• **EXERCISE**
From the first line to the last, restate the records word for word, skipping the pictures.

• **RAW DATA**
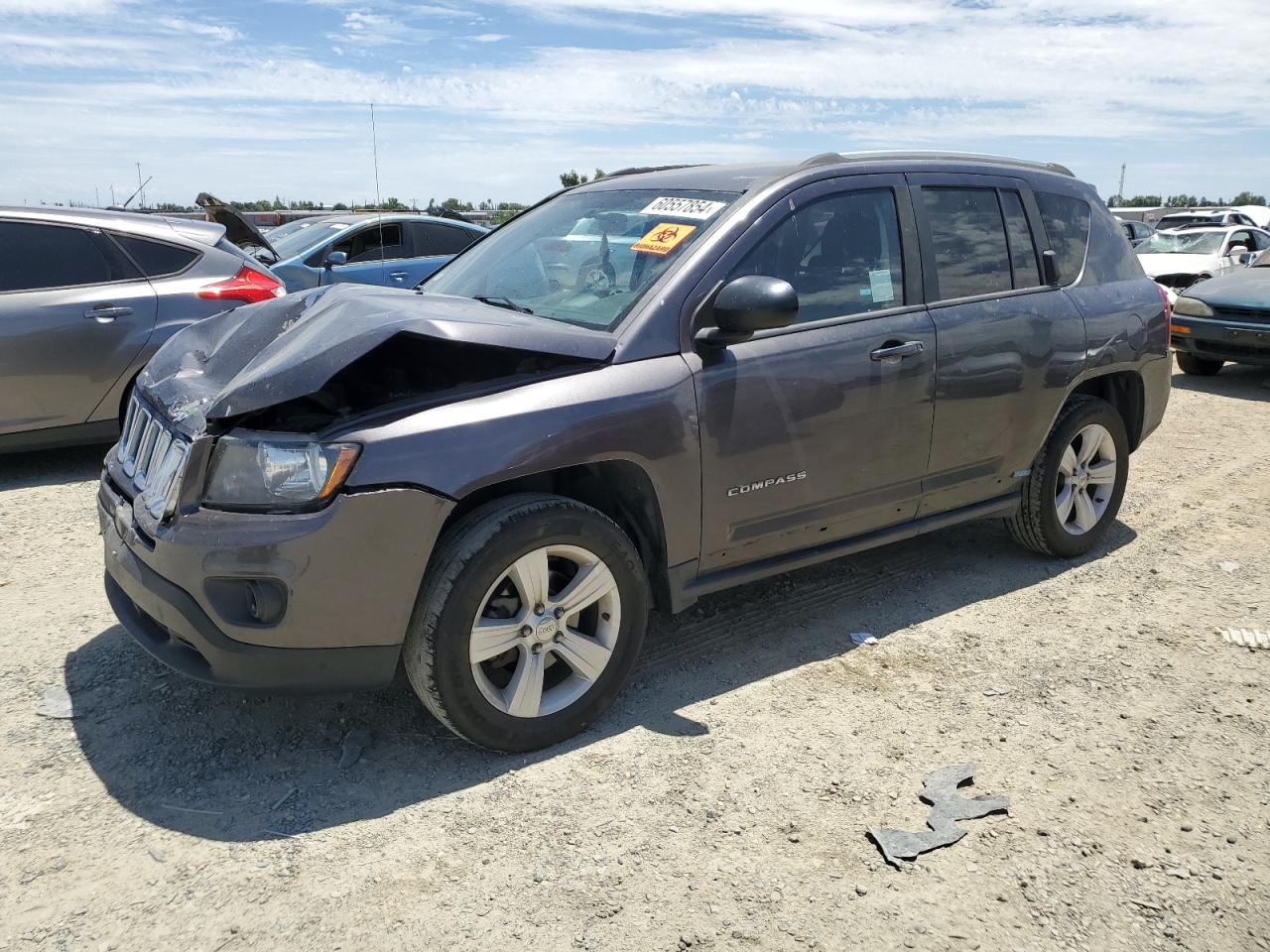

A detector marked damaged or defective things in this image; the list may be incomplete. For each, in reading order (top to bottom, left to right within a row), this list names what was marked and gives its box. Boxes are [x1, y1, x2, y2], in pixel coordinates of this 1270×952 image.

crumpled hood [139, 282, 615, 432]
crumpled hood [1183, 264, 1270, 309]
damaged jeep compass [101, 155, 1175, 750]
cracked asphalt piece [869, 762, 1008, 865]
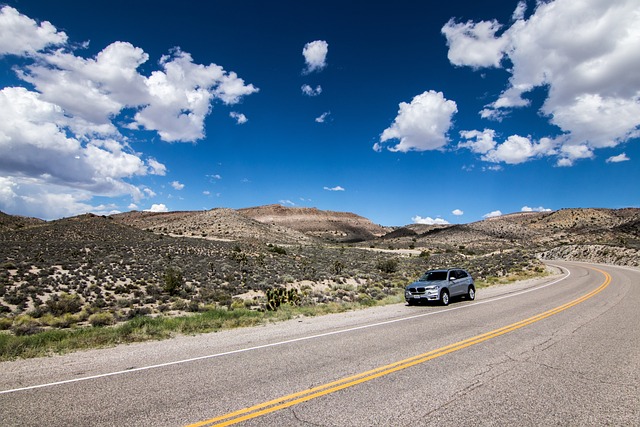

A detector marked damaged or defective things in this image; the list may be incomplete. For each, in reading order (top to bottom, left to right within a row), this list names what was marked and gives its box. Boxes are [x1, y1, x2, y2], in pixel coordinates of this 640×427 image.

cracked asphalt [1, 262, 640, 426]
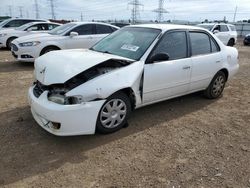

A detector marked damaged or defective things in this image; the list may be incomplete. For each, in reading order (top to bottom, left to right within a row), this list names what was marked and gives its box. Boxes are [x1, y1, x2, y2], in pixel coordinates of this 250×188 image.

crushed hood [34, 49, 135, 86]
damaged front bumper [28, 86, 105, 136]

• **RESULT OF THIS TASK**
A detector marked damaged or defective things in this image; the list may be incomplete. For each, in reading order (top to bottom, left to right within a row), this list names what was marked and gives its box. Boxes are [x1, y1, x2, y2], in pixel coordinates of this 1270×952 image.

crumpled hood [139, 282, 615, 432]
crumpled hood [1183, 264, 1270, 309]
damaged jeep compass [101, 155, 1175, 750]
cracked asphalt piece [869, 762, 1008, 865]

A detector marked damaged or defective things in this image; the list may be incomplete. For each, in reading order (top to bottom, left to right within a row), this list names what was marked and gives its box. Boxes are [x1, y1, x2, y2], in pixel coordinates of this 640×427 image.

cracked asphalt [1, 262, 640, 426]

A detector marked damaged or defective things in this image; the list may be incomplete. For each, in reading order (top to bottom, left to right within a row), this list names what was marked and gives its box. Boxes are [x1, y1, x2, y2], in pixel coordinates of this 250×188 image.

crushed hood [34, 49, 135, 86]
damaged front bumper [28, 86, 105, 136]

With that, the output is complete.